Once you reach the line with "Leader 43 Android Tv" in the material below, copy each line exactly up to and including the line with "Desert Stardust Magic", and skip the pictures.

━━ DATA FOR THE TASK

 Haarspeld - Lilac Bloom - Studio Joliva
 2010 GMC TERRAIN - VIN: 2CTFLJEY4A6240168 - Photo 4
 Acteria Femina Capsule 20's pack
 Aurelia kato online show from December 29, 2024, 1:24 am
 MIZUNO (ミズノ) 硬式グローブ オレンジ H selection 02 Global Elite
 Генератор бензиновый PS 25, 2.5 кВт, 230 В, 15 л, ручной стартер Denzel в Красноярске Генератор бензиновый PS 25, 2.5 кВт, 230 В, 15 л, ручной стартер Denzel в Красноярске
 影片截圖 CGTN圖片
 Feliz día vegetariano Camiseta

━━━━
━━ DATA FOR THE TASK

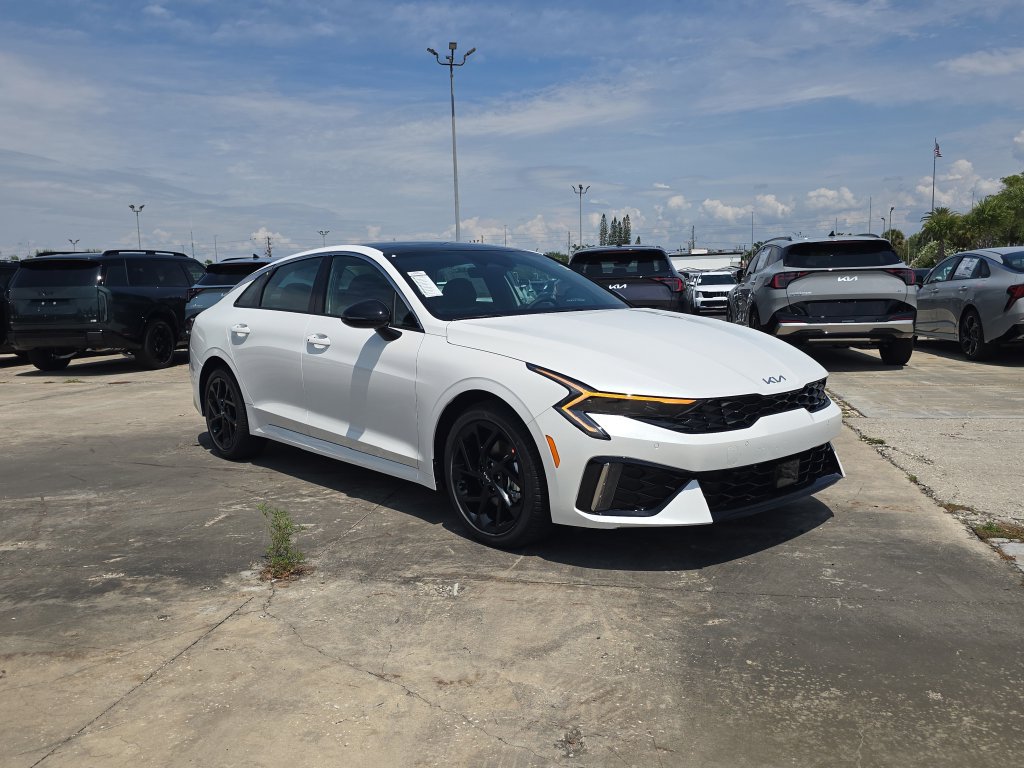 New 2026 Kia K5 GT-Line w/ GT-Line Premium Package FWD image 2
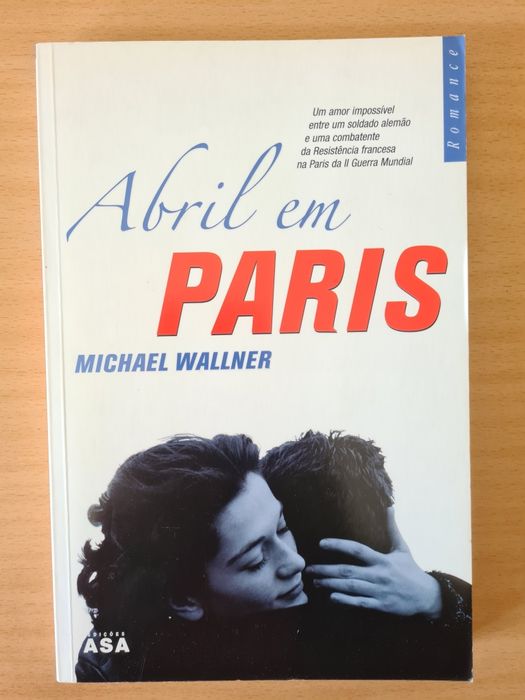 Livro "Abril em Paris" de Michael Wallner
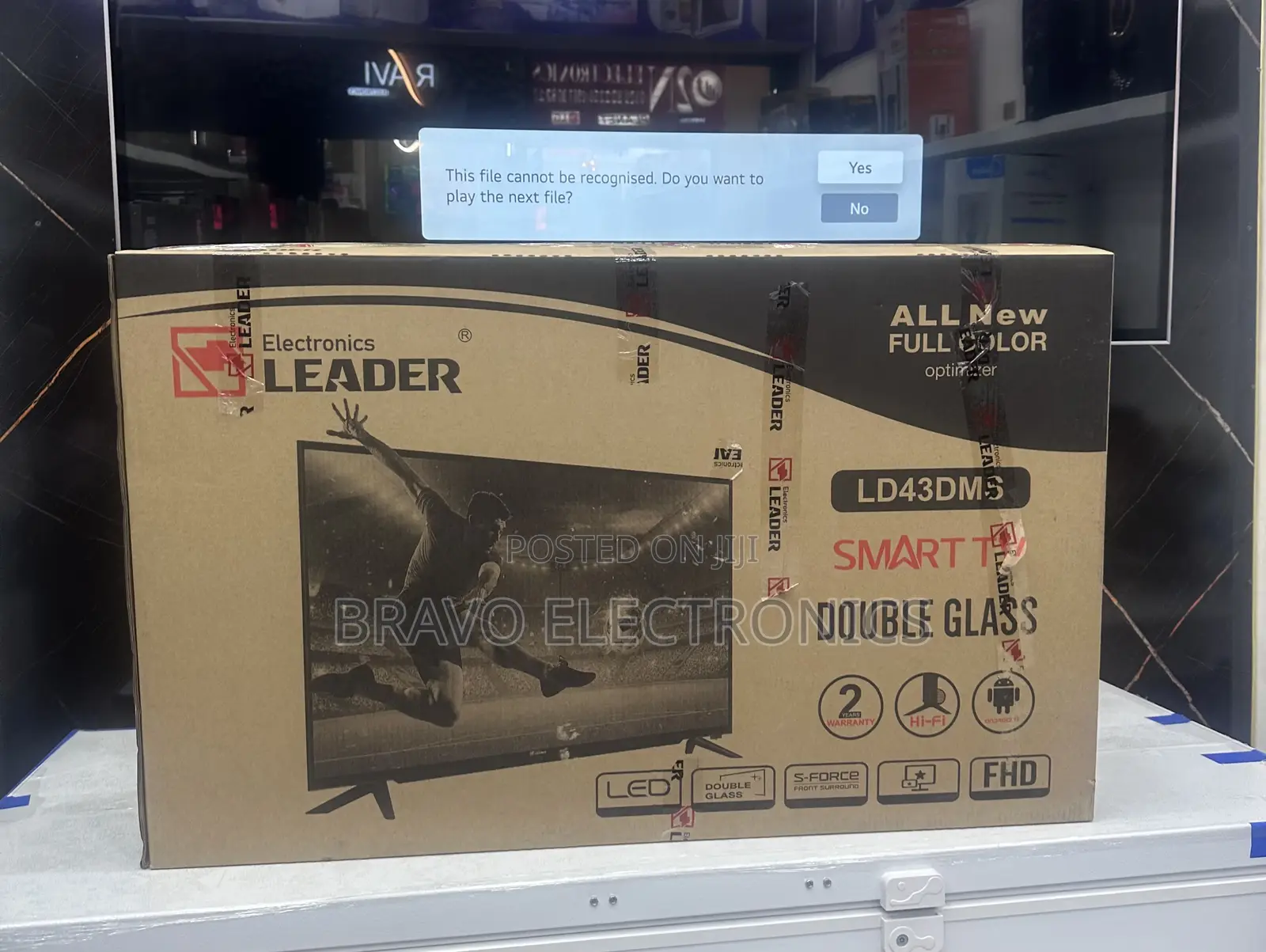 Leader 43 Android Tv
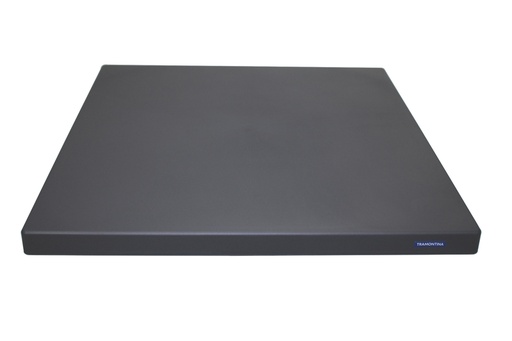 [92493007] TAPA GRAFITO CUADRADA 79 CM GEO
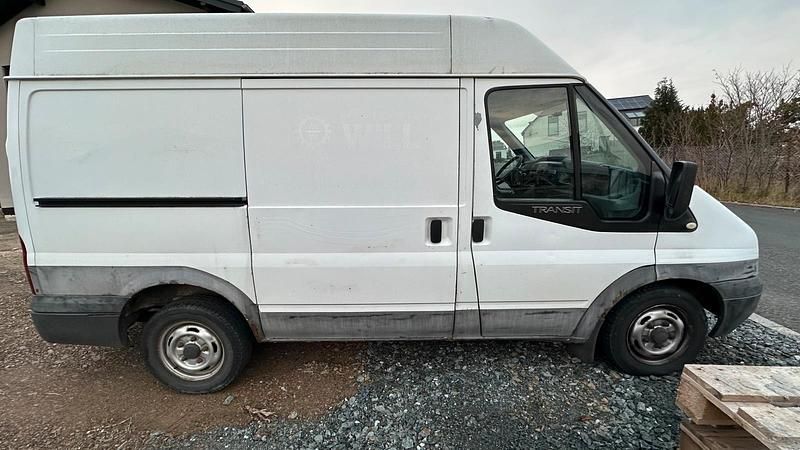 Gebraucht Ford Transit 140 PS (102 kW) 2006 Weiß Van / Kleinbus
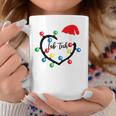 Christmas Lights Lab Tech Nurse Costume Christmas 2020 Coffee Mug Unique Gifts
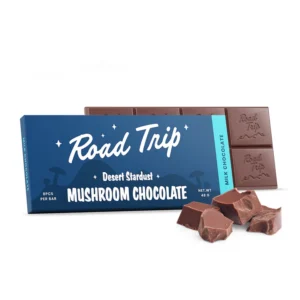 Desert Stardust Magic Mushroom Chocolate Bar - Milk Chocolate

━━━━
━━ DATA FOR THE TASK

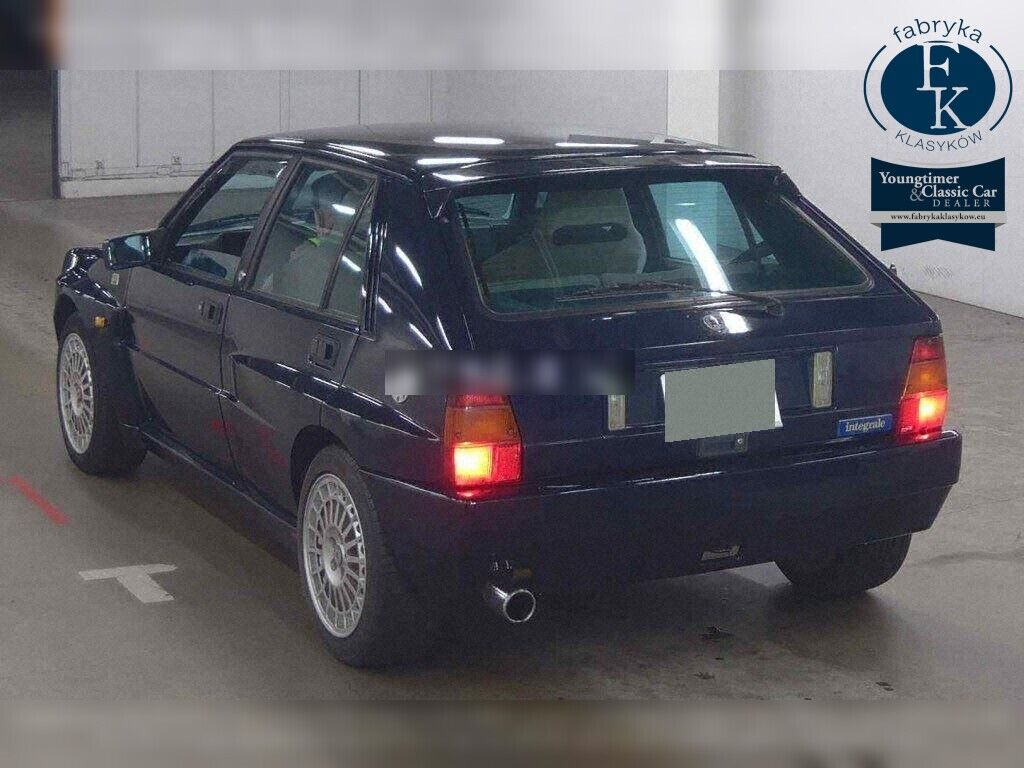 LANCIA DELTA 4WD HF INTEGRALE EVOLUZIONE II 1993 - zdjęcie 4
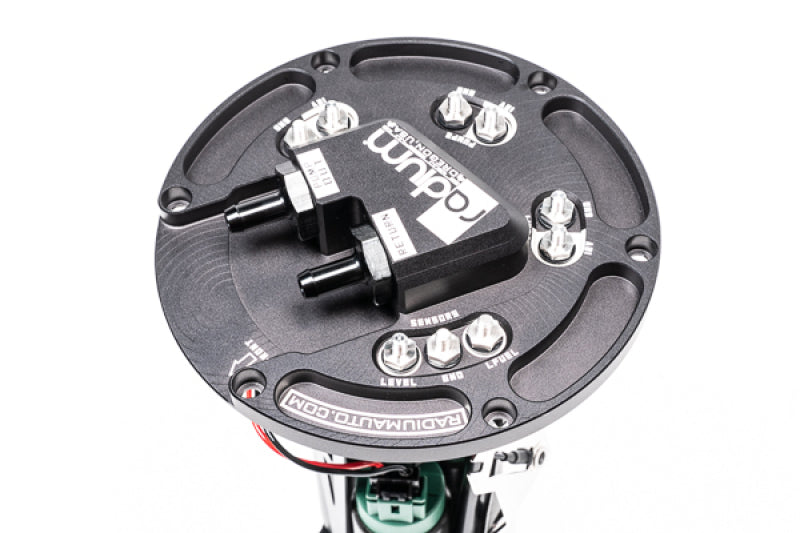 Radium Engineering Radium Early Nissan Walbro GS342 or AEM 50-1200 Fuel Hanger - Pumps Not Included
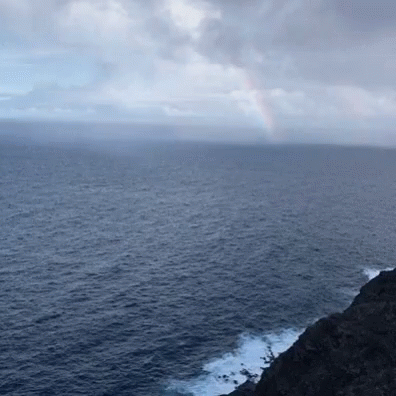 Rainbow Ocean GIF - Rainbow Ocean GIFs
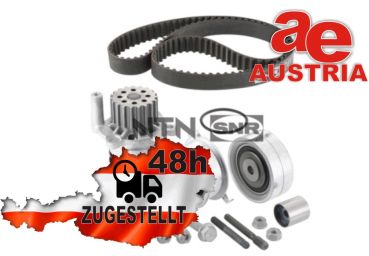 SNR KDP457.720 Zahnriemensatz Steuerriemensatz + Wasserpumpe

━━━━

**YOUR SOLUTION:**
 Leader 43 Android Tv
 [92493007] TAPA GRAFITO CUADRADA 79 CM GEO
 Gebraucht Ford Transit 140 PS (102 kW) 2006 Weiß Van / Kleinbus
 Christmas Lights Lab Tech Nurse Costume Christmas 2020 Coffee Mug Unique Gifts
 Desert Stardust Magic Mushroom Chocolate Bar - Milk Chocolate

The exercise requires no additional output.